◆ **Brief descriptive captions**
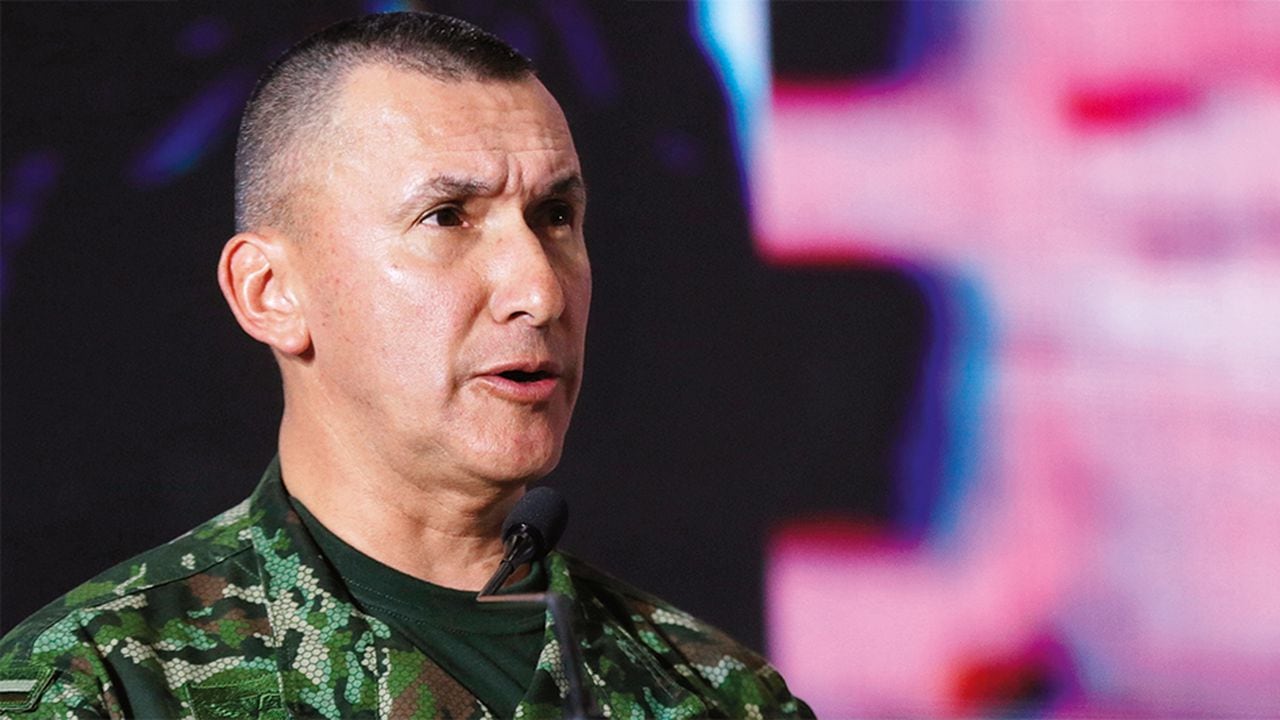 GENERAL LUIS M. OSPINA Comandante del Ejército Nacional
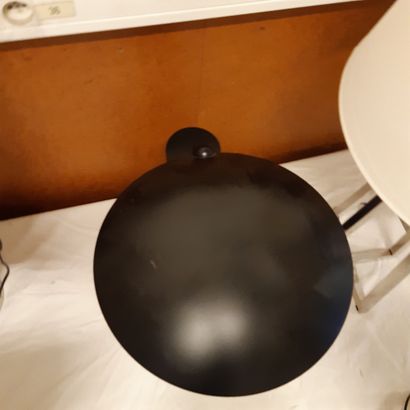 JEAN-MICHEL WILMOTTE (NÉ EN 1948) Lampe modèle « Washington » en métal laqué noir...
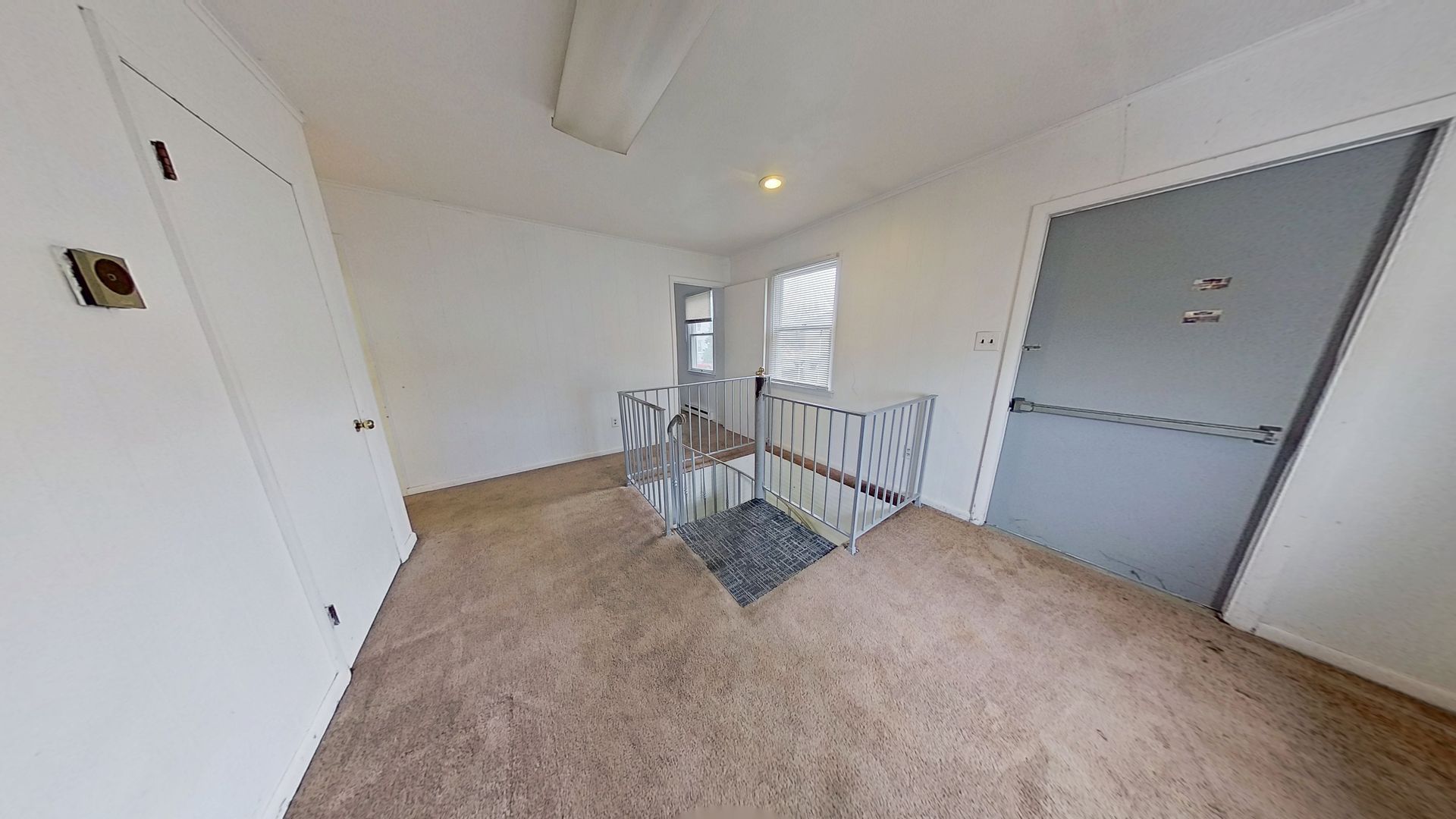 463 E Market Ave – photo 5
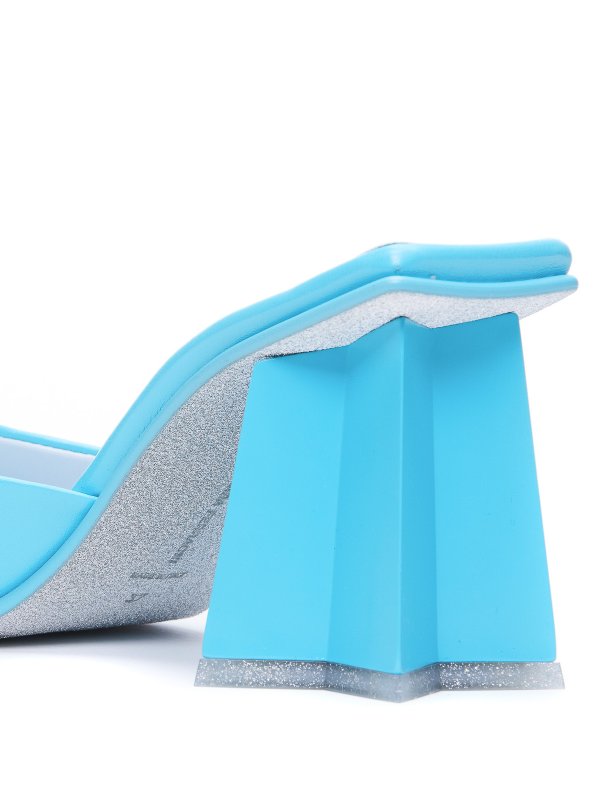 サンダル - ブルー shop online: CHIARA FERRAGNI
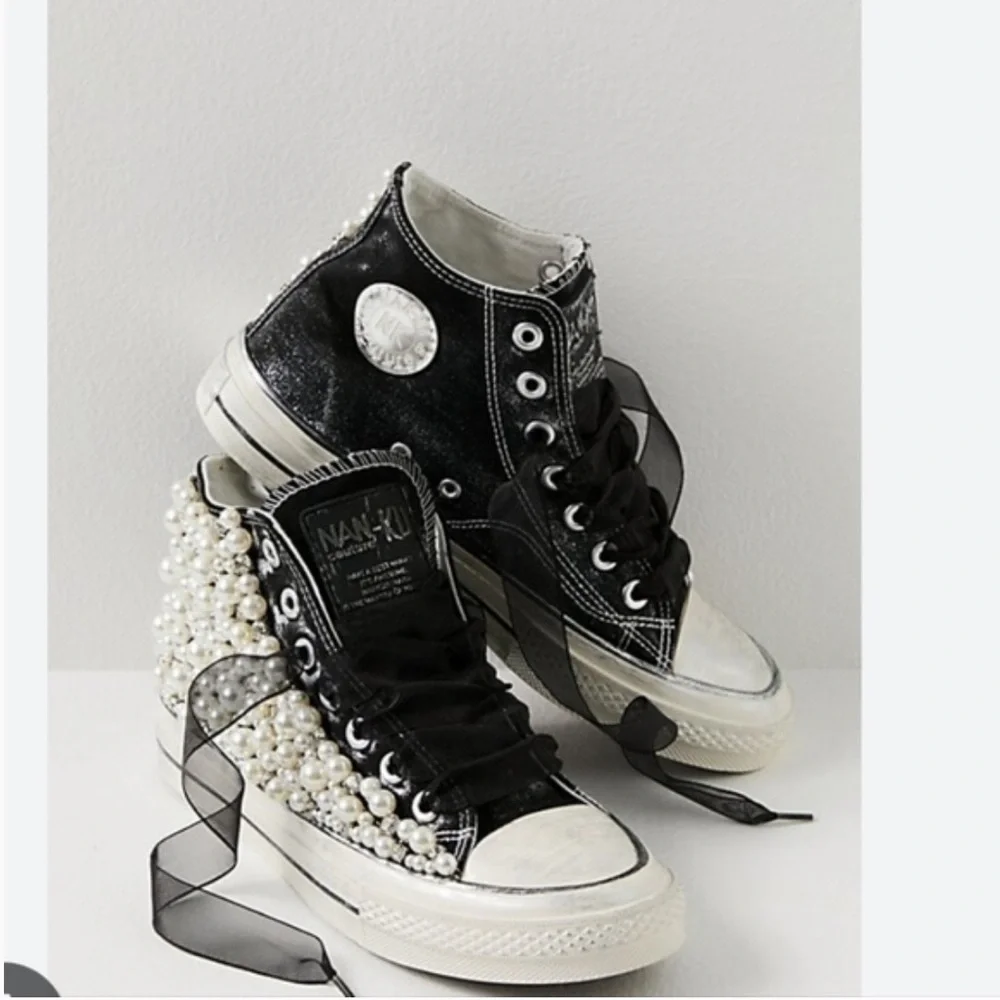 NAN-Ku Free People‎ Crush High Top Sneakers Pearl Embellished Black 39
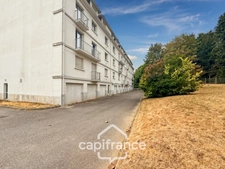 À VENDRE PONTIVY – Appartement rénové de plus de 73 m² au dernier étage, à 500 m du centre-ville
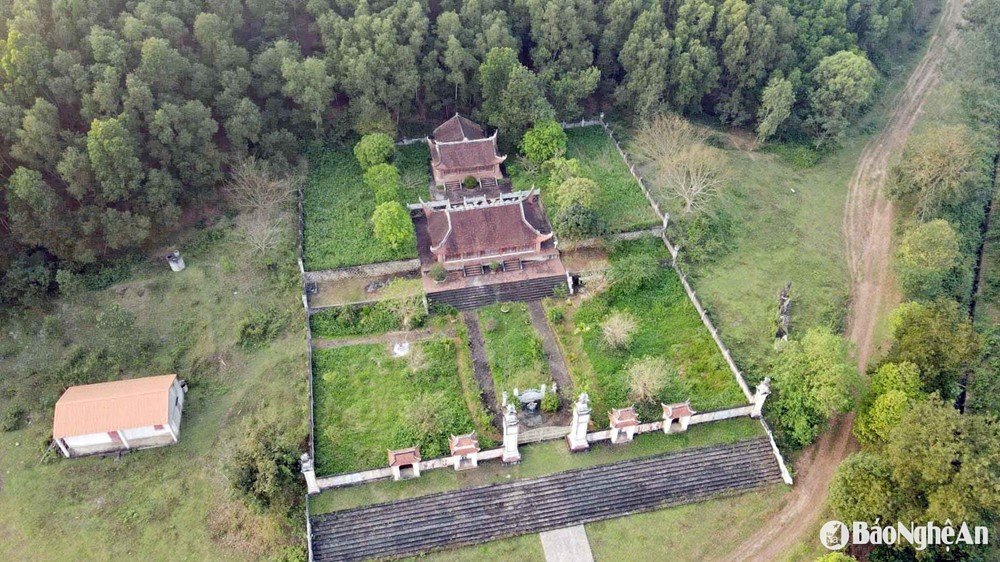 Việt Nam có một ngọn núi cao chỉ hơn 100m nhưng có thế 'tựa sơn - vọng thủy' hiếm có, sở hữu thành cổ hơn 600 năm - ảnh 5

◆ **WORK TASK**
When you come to the line containing "463 E Market Ave – photo 5" in the records above, repeat that line and all lines after it exactly, but not the pictures.

◆ **REPLY**
 463 E Market Ave – photo 5
 サンダル - ブルー shop online: CHIARA FERRAGNI
 NAN-Ku Free People‎ Crush High Top Sneakers Pearl Embellished Black 39
 À VENDRE PONTIVY – Appartement rénové de plus de 73 m² au dernier étage, à 500 m du centre-ville
 Việt Nam có một ngọn núi cao chỉ hơn 100m nhưng có thế 'tựa sơn - vọng thủy' hiếm có, sở hữu thành cổ hơn 600 năm - ảnh 5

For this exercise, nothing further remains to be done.